-- INPUT DATA follows --

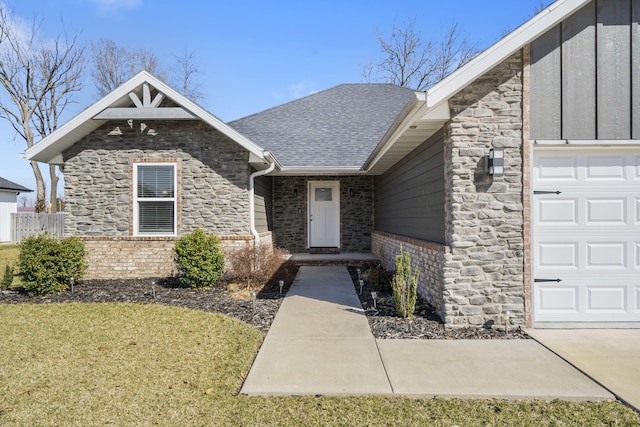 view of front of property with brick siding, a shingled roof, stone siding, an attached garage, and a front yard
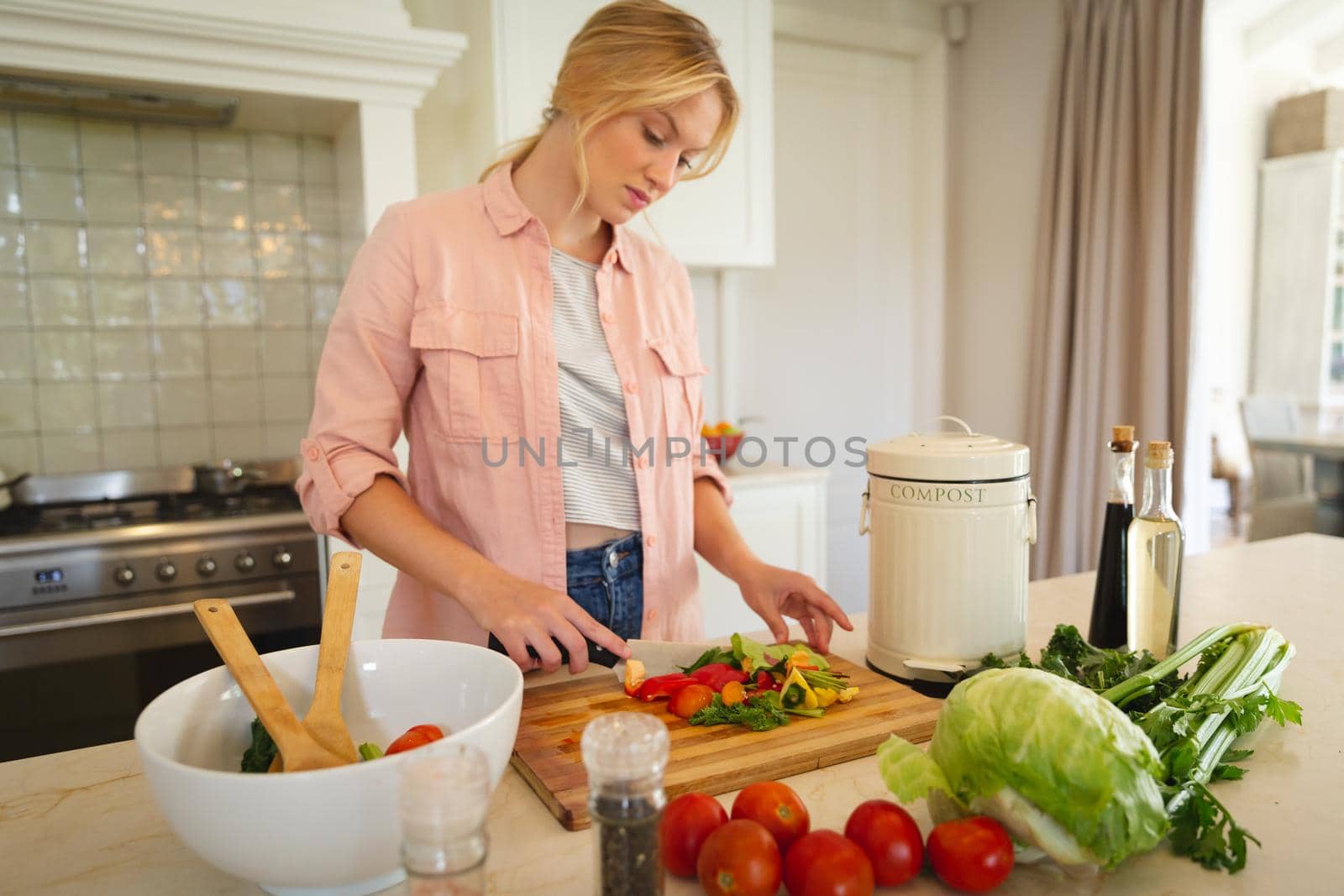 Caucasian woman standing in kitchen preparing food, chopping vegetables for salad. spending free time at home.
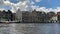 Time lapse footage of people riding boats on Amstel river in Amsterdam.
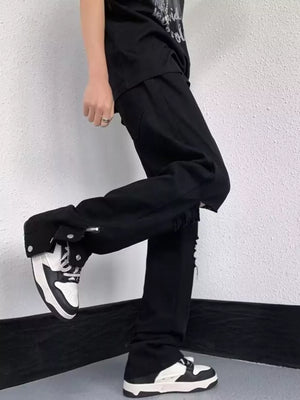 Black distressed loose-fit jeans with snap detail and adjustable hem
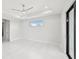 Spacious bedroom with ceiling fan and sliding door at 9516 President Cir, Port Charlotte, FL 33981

-- INPUT DATA concluded --

Except for pictures, copy the records above exactly.

**EXPECTED OUTPUT:**
 view of front of property with brick siding, a shingled roof, stone siding, an attached garage, and a front yard
 Caucasian woman standing in kitchen preparing food, chopping vegetables for salad. spending free time at home.
 Time lapse footage of people riding boats on Amstel river in Amsterdam.
 Black distressed loose-fit jeans with snap detail and adjustable hem
 Spacious bedroom with ceiling fan and sliding door at 9516 President Cir, Port Charlotte, FL 33981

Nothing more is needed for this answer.